Essentially, if one finds an interesting region of high-dimensional parameter
space, then it’s better to remember where that is, rather than forgetting it
exists as soon as one stumbles onto it. The manifold hypothesis conjectures
that interesting regions of space tend to be near other interesting regions
of space, so exploring neighbourhoods of interesting places tends to pay off.
Stateful Monte Carlo methods - namely, the family of Markov chain Monte Carlo
algorithms - handle exactly this, by using a Markov chain to wander over
parameter space. I’ve written on MCMC in the past -
you can check out some of those articles if you’re interested.
In the stateless rejection sampler we just performed conditional inference via
the following algorithm:
- Sample from a parameter model.
- Sample from a data model, using the sample from the parameter model as
input.
- If the sample from the data model matches the provided observations, return
the sample from the parameter model.
By repeating this many times we get a sample of arbitrary size from the
appropriate conditional, inverse, or posterior distribution (whatever you want
to call it).
In a stateful inference routine - here, the good old Metropolis-Hastings
algorithm - we’re instead going to do the following repeatedly:
- Sample from a parameter model, recording the way the program executed in
order to return the sample that it did.
- Compute the cost, in some sense, of generating the provided observations,
using the sample from the parameter model as input.
- Propose a new sample from the parameter model by perturbing the way the
program executed and recording the new sample the program outputs.
- Compute the cost of generating the provided observations using this new
sample from the parameter model as input.
- Compare the costs of generating the provided observations under the
respective samples from the parameter models.
- With probability depending on the ratio of the costs, flip a coin. If you
see a head, then move to the new, proposed execution trace of the program.
Otherwise, stay at the old execution trace.
This procedure generates a Markov chain over the space of possible execution
traces of the program - essentially, plausible ways that the program could have
executed in order to generate the supplied observations.
Implementations of Church use variations of this method to do
inference, the most famous of which is a low-overhead transformational
compilation procedure described in a great and influential 2011 paper
by David Wingate et al.
Representing Running Programs
To perform inference on probabilistic programs according to the aforementioned
Metropolis-Hastings algorithm, we need to represent executing programs
somehow, in a form that enables us to examine and modify their internal state.

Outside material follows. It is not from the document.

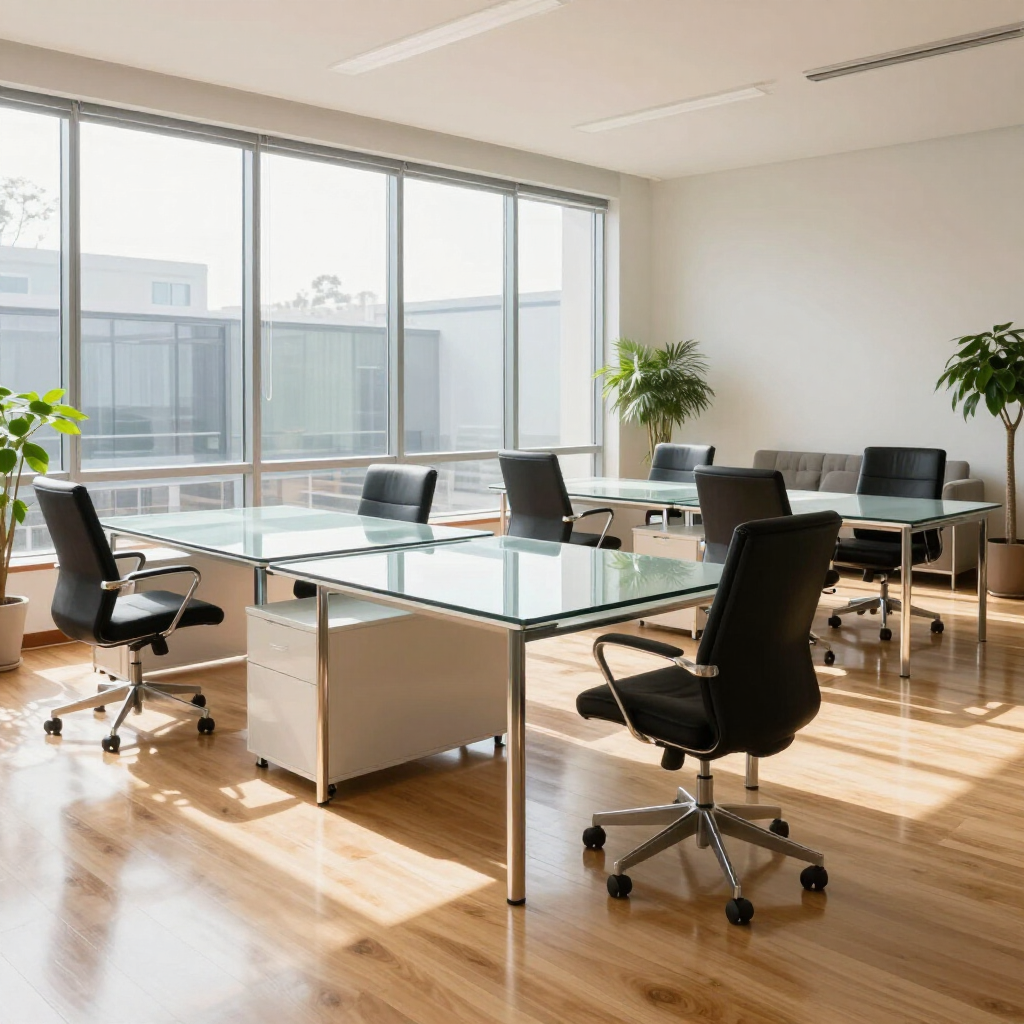 A bright, modern office with glass desks, black chairs, and potted plants on a polished hardwood floor.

How can we do that? We’ll pluck another useful recursive structure from our
repertoire and consider the humble Cofree
:
data Cofree f a = a :< f (Cofree f a)
Recall that Cofree
allows one to annotate programs with arbitrary
information at each internal node. This is a great feature; if we can annotate
each internal node with important information about its state - its current
value, the current state of its generator, the ‘cost’ associated with it - then
we can walk through the program and examine it as required. So, it can capture
a ‘running’ program in exactly the way we need.
Let’s describe running programs as values having the following Execution
type:
type Execution a = Cofree (ModelF a) Node
The Node
type is what we’ll use to describe the internal state of each node
on the program. I’ll define it like so:
data Node = Node {
nodeCost :: Double
, nodeValue :: Dynamic
, nodeSeed :: MWC.Seed
, nodeHistory :: [Dynamic]
} deriving Show
I’ll elaborate on this type below, but you can see that it captures a bunch of
information about the state of each node.

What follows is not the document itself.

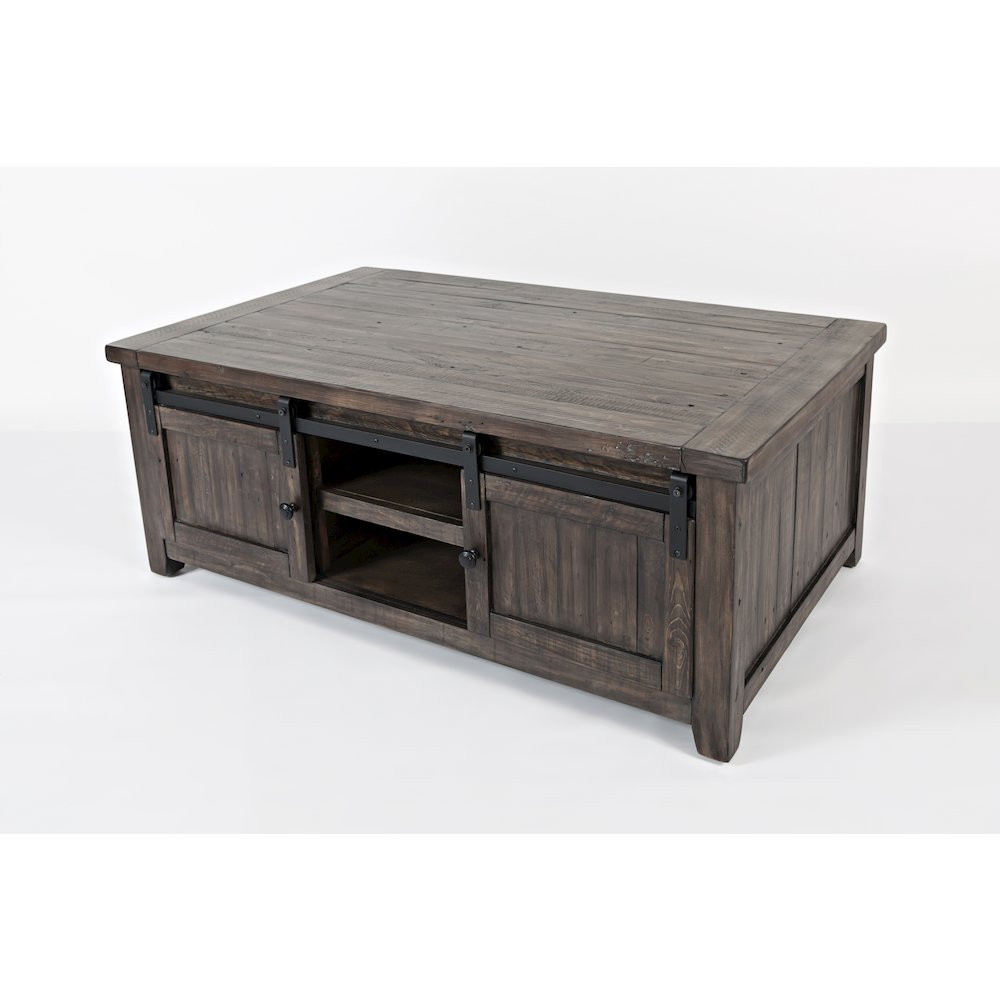 Madison County 50" Rustic Reclaimed Pine Farmhouse Barn Door Coffee Table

One can mechanically transform any Free
-encoded program into a
Cofree
-encoded program, so long as the original Free
-encoded program can
terminate of its own accord, i.e. on the level of its own instructions. Hence
the need for our Terminating
type and all that.
In our case, setting everything up just right takes a bit of code, mainly
around handling pseudo-random number generators in a pure fashion. So
I won’t talk about every little detail of it right here. The general idea is
to write a function that takes instructions to the appropriate state captured
by a Node
value, like so:
initialize :: Typeable a => MWC.Seed -> ModelF a b -> Node
initialize seed = \case
BernoulliF p _ -> runST $ do
(nodeValue, nodeSeed) <- samplePurely (Prob.bernoulli p) seed
let nodeCost = logDensityBernoulli p (unsafeFromDyn nodeValue)
nodeHistory = mempty
return Node {..}
BetaF a b _ -> runST $ do
(nodeValue, nodeSeed) <- samplePurely (Prob.beta a b) seed
let nodeCost = logDensityBeta a b (unsafeFromDyn nodeValue)
nodeHistory = mempty
return Node {..}
...
You can see that for each node, I sample from it, calculate its cost, and then
initialize its ‘history’ as an empty list.
Here it’s worth going into a brief aside.

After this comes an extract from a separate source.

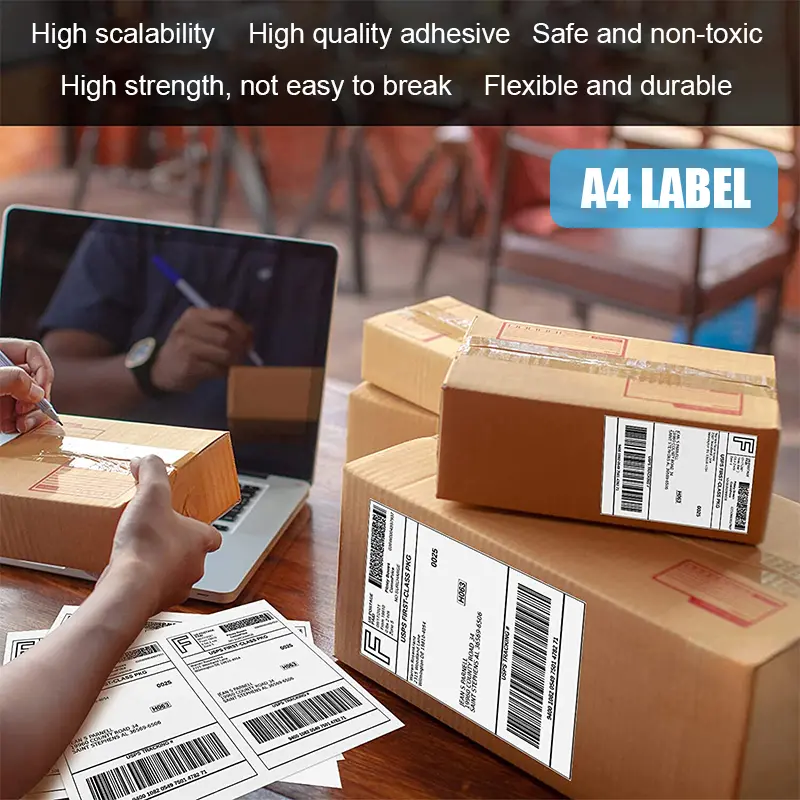 Custom A4 Labels Adhesive Sticker Blank Sheets For Printer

There are two mildly annoying things we have to deal with in this situation.
First, individual nodes in the program typically sample values at different
types, and second, we can’t easily use effects when annotating. This means
that we have to pack heterogeneously-typed things into a homogeneously-typed
container, and also use pure random number generation facilities to sample
them.
A quick-and-dirty answer for the first case is to just use dynamic typing when
storing the values. It works and is easy, but of course is subject to the
standard caveats. I use a function called unsafeFromDyn
to convert
dynamically-typed values back to a typed form, so you can gauge the safety of
all this for yourself.
For the second case, I just use the ST
monad, along with manual state
snapshotting, to execute and iterate a random number generator. Pretty
simple.
Also: in terms of efficiency, keeping a node’s history on-site at each
execution falls into the ‘completely insane’ category, but let’s not worry much
about efficiency right now. Prototypes gonna prototype and all that.
Anyway.
Given this initialize
function, we can transform a terminating program into a
running program by simple recursion. Again, we can only transform programs
with type Terminating a
because we need to rule out the case of ever visiting
the Pure
constructor of Free
. We handle that by the absurd
function
provided by Data.Void
:
execute :: Typeable a => Terminating a -> Execution a
execute = annotate defaultSeed where
defaultSeed = (42, 108512)
annotate seeds term = case term of
Pure r -> absurd r
Free instruction ->
let (nextSeeds, generator) = xorshift seeds
seed = MWC.toSeed (V.singleton generator)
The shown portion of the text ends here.